II-6.外国株式投資(1) (外国株式のリターンとリスク)
今回の講義も「株式学習ゲーム」の状況を確認するところから始めました。日本経済新聞に「景気敏感株の下げ目立つ」という記事がありましたので、紹介しました。確かに「株式学習ゲーム」のほうでも「景気敏感株投資戦略」を選択した者の下げが大きい状況でしたが、それ以上に「成長株投資戦略」の下げが目立っていました。「成長株投資」は割高な銘柄に手を出しやすい傾向にありますが、それが災いしたのかもしれません。
さて、今回から「外国株式投資」について話します。日本に居ながらも外国株式への投資が簡単な時代ですから、「日本株式に投資」するにはそれなり意味がなければなりません。
米国に圧倒的な差をつけられてはいますが、日本の株式市場は世界第2位の規模の株式市場とされています。とは言っても、世界の株式市場に占める割合は10%にも満たないのが現実です。しかもOECDなどによる長期の経済成長予測では、日本はかなり下位に位置します。そうした状況にも関わらず、日本の企業年金などは、世界の株式市場における日本の割合よりも大きな割合で日本株式に投資しています。「ホーム・カントリー・バイアス」と言われる現象です。

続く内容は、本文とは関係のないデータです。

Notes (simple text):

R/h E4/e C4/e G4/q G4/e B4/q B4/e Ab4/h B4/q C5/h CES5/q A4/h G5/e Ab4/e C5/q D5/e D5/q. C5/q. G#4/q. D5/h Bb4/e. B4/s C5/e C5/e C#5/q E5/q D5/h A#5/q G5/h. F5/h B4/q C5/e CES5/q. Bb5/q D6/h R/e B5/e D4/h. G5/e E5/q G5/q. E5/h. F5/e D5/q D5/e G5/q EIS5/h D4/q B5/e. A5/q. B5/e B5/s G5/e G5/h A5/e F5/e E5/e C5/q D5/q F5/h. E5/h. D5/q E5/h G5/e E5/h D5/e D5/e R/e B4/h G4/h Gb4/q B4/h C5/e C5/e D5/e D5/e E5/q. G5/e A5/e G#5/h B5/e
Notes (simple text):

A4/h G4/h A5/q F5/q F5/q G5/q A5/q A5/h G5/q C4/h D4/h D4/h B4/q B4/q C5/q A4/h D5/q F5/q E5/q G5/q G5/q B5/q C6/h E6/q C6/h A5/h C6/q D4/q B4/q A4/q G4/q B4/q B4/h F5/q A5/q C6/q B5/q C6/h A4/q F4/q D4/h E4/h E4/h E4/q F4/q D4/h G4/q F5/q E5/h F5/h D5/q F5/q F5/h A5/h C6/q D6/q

外国株式投資」を躊躇させる原因の一つが「為替リスク」です。ある国の株式にその国内で投資する場合と比較して、その国外から投資する場合には、為替の変動の不確実性に伴う「為替リスク」が上乗せされます。しかし、経済成長の高い外国の株式に投資するのを諦めさせるほど、「為替リスク」は大きなものでしょうか?

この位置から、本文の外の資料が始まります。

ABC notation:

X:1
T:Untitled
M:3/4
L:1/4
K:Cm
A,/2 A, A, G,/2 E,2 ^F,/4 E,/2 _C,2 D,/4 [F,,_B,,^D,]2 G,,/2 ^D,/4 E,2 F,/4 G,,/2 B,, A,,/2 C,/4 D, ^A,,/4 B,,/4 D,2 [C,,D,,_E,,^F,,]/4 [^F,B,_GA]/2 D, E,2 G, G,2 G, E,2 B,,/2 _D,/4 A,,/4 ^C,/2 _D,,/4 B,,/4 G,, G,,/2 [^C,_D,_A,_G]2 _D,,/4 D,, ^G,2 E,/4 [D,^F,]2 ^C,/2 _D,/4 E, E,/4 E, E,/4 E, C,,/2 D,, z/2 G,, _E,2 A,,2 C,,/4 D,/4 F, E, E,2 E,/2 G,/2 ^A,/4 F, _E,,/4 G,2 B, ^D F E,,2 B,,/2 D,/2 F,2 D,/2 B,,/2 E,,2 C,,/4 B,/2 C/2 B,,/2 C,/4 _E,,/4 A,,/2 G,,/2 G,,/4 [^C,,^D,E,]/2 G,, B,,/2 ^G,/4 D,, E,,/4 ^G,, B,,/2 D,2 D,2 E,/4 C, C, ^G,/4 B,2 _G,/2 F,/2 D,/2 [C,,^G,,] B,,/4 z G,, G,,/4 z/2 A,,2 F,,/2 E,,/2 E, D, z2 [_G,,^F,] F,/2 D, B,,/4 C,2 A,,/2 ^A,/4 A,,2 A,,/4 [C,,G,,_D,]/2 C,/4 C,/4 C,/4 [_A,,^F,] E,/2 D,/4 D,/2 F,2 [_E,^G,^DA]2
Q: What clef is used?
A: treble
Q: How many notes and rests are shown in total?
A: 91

外国株式も為替も、多くの国に分散して投資することで、そのリスクの軽減を図ることができます。そうしたことも踏まえて、外国株式投資の意味を考える必要があります。
講義の前半でマクロ的に外国株式投資を考えた後は、ミクロの視点でそのメカニズムを学びます。外国株式に投資した場合の収益率の計算に「為替レート」がどのように関係して来るかを、実際に手を動かして計算してもらいます。演習としての宿題も出します。